I love this line because thinking about what your enemies fear is often an interesting thought experiment. Republicans are being presented with a choice between Trump and an American Viktor Orban. Nothing is settled, but they appear to strongly prefer the former.

I think you need to think long and hard what you mean by "Trump Supporters" and "win" here. The simple fact that the race is effectively between MAGA: Original Recipe and MAGA: Hard Seltzer with nary an old-fashioned Patrician, Evangelical, or Romney-esque moderate in sight is in my eyes an illustration just how thoroughly Trump's Supporters have already won.

As I wrote back in September, The war for the soul of the Grand old Party is over and the populists have won. Sure, there are still a few members of the old establishment like Mitch McConnel hanging around, but at this stage they're just running out the clock. When they get replaced, they will be replaced by guys who came up through the Tea-Party and MAGA movements.

Likewise, I find it telling that the only criticism of DeSantis that seems to have really gained any real traction in conservative spaces is the suggestion that he might be too "establishment", or that he lacks the necessary self-destructive streak to fight the beast. But this is were also many of the choices that yourself and other posters here have described as "unforced errors" and "stupid stunts" start to look like the products of an astute tactical mind, because when the accusation that DeSantis is an establishment republican is leveled the counter that "would an 'establishment Republican' have picked a fight with Disney, or bused economic migrants to Martha's Vinyard" is already on the way.

Well, there are old-fashioned Patrician, Evangelical, and Romney-esque moderates in sight, they're a bunch of the other candidates in the republican primary. But first-past-the-post voting means they don't have a chance since they're not the established front-runners, so no one will vote for them. I'm not sure how best to measure popularity objectively.

It's something of a Keynesian beauty contest, in that people don't want to waste their vote, and want the candidate to be able to win the general election, so they have to think about how everyone else will vote, not merely whoever their favorite.

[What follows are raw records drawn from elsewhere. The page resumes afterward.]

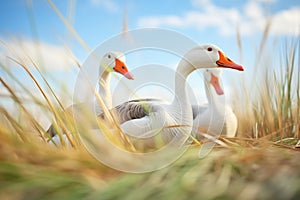 geese on grassy field with beaks open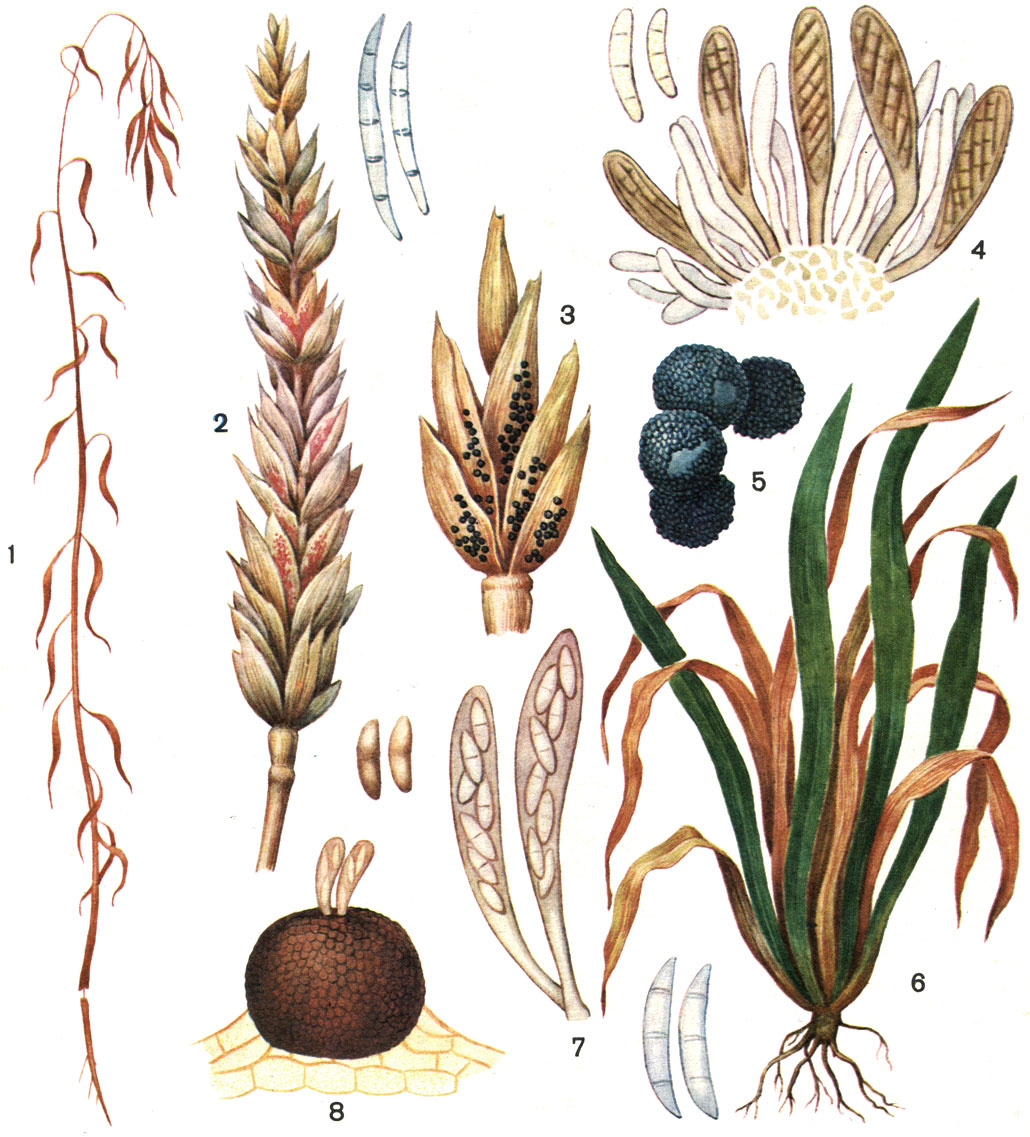 Таблица 60. Поражение растений фузариумом: 1 - фузариозное увядание льна (возбудитель - Fusarium oxysporum f. lini); 2 - фузариоз колосьев пшеницы (возбудитель - F. graminearum), вверху - конидии паразита; 3 - сумчатая стадия гриба (Gibberella zeae) на колосках пшеницы; 4 - сумки этого гриба со спорами; 5 - перитеции этого гриба; 6 - снежная плесень озимой ржи (возбудитель - Fusarium nivale); 7 - сумки возбудителя заболевания (Micronectriella nivalis); 8 - перитеции этого гриба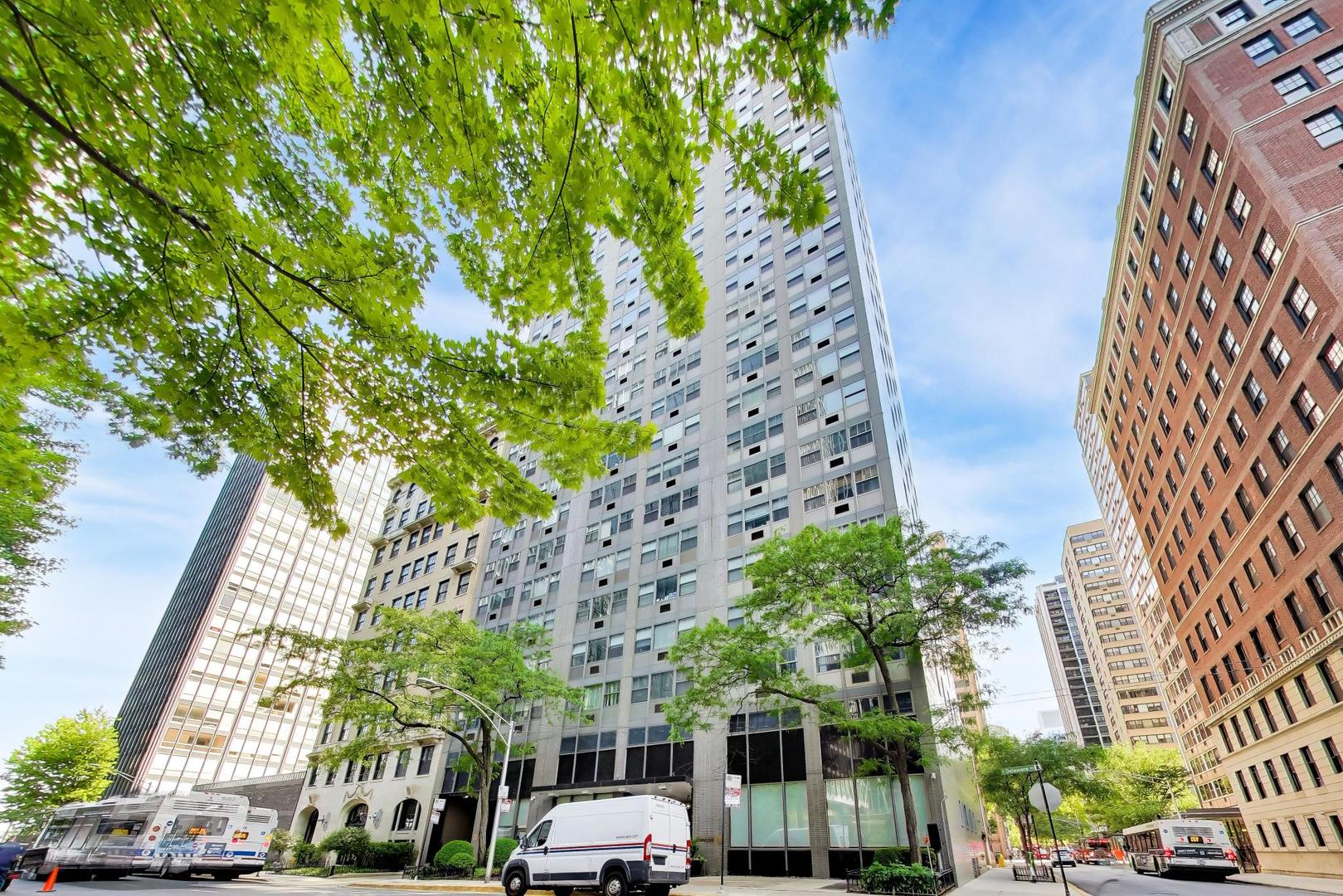253 E Delaware Place 12E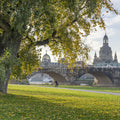 Golden Tree Bridge Mural Wallpaper - pure wallpaper artwork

Well, there are old-fashioned Patrician, Evangelical, and Romney-esque moderates in sight, they're a bunch of the other candidates in the republican primary.

Name 3, Heck name one that users here could be reasonably expected to recognize without the aid of google, and then post how they're polling compared to Trump and/or Desantis.

While I concede the possibility that a dark horse candidate may emerge (of those declared my money would be on Scott or Haley who are both still at least MAGA adjacent), as it stands this is a race between Trump and DeSantis. No one else is even close.

Most of them could be categorized to some extent as evangelical, almost everyone comes across as more pious than Trump. But I can't name any who are clearly moderates that could be expected to be recognized, as they're irrelevant.

Everyone except Trump and Desantis are doing absolutely miserably in the polls, and mostly only have a chance if one of the frontrunners withdraws or dies.

I wasn't trying to say they had a chance, just that they existed. I don't know that we disagree, really.